What is De novo transcriptome reconstruction?
De novo transcription reconstruction refers to assembling a transcript that does not have a a specified genome sequence. For this example, we will be using RNA-seq data and the galaxy platform.
Performing De novo transcriptome reconstruction on RNA Seq in Galaxy
The process below can take a while, about 5 hours or more, due to galaxy job completion time.
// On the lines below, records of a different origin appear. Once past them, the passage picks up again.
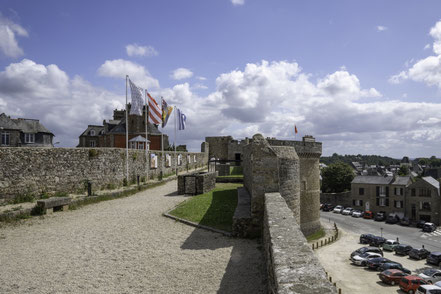 Bild: Dinan mit Château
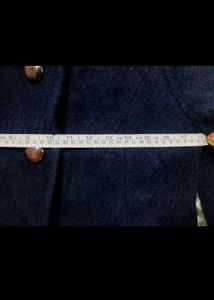 Elegant Navy Blue Coat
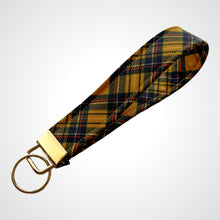 Load image into Gallery viewer, Mustard Tartan Wristlet
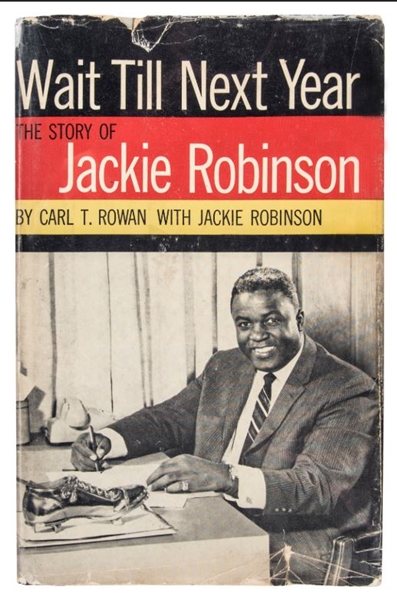 Jackie Robinson Signed Book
We will first check the quality of our reads, groom them for cleaner data, recheck quality, map, reconstruction, assembly,
To use files paste into your web browser to download then upload to galaxy:
We will be using the following files for our project:
https://zenodo.org/record/583140/files/G1E_rep1_forward_read_%28SRR549355_1%29
https://zenodo.org/record/583140/files/G1E_rep1_reverse_read_%28SRR549355_2%29
https://zenodo.org/record/583140/files/G1E_rep2_forward_read_%28SRR549356_1%29
https://zenodo.org/record/583140/files/G1E_rep2_reverse_read_%28SRR549356_2%29
https://zenodo.org/record/583140/files/Megakaryocyte_rep1_forward_read_%28SRR549357_1%29
https://zenodo.org/record/583140/files/Megakaryocyte_rep1_reverse_read_%28SRR549357_2%29
https://zenodo.org/record/583140/files/Megakaryocyte_rep2_forward_read_%28SRR549358_1%29
https://zenodo.org/record/583140/files/Megakaryocyte_rep2_reverse_read_%28SRR549358_2%29
Please note that in addition to the files listed above we will also require a reference genome for mouse which can be found at the following address:
https://zenodo.org/record/583140/files/RefSeq_reference_GTF_%28DSv2%29
Before Trimming
After uploading we will use the FASTQC tool in Galaxy to access the sequence quality, pictured below,
Line 1: G1E forward 1, G1E reverse 1, G1E forward 2, G1E reverse 2
Line 2: Megakaryocyte forward 1, Megakaryocyte reverse 1, Megakaryocyte forward 2, Megakaryocyte reverse 2








After Trimming
As we can see, most of our sequences currently have less than optimal quality, therefore we will groom the data to make it cleaner. We will utilize the Trimmomatic tool with pair end reads for each of our four data sequences and follow up with an additional FASTQC on the output data. As we can see below our sequence quality has dramatically improved and we are now ready to continue onto mapping and reconstruction.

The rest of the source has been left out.